_HOW TO COMPLETE THIS TASK:_ From the data below, retype exactly the lines starting with the one that contains "Vegatable Hash with" and ending with the one that contains "Buharlı Temizlik Makinesi", both included.

_EXERCISE INPUTS:_
§ §

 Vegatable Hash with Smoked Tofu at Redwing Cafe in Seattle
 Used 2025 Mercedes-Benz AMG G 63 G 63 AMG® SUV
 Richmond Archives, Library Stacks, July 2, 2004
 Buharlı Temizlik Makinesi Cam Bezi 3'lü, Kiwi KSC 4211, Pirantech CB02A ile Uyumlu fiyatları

§ §

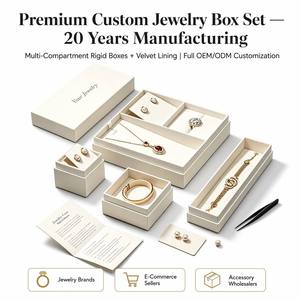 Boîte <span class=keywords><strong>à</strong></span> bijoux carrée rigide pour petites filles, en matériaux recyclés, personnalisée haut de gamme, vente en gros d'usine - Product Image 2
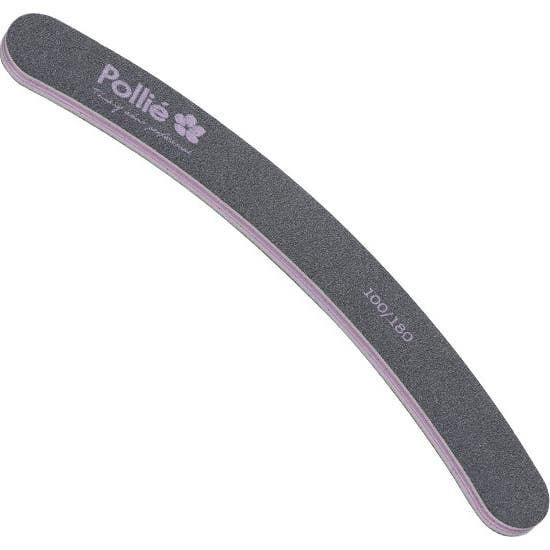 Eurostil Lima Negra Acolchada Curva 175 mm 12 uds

§ §

_SOLUTION TO THIS PROBLEM:_
 Vegatable Hash with Smoked Tofu at Redwing Cafe in Seattle
 Used 2025 Mercedes-Benz AMG G 63 G 63 AMG® SUV
 Richmond Archives, Library Stacks, July 2, 2004
 Buharlı Temizlik Makinesi Cam Bezi 3'lü, Kiwi KSC 4211, Pirantech CB02A ile Uyumlu fiyatları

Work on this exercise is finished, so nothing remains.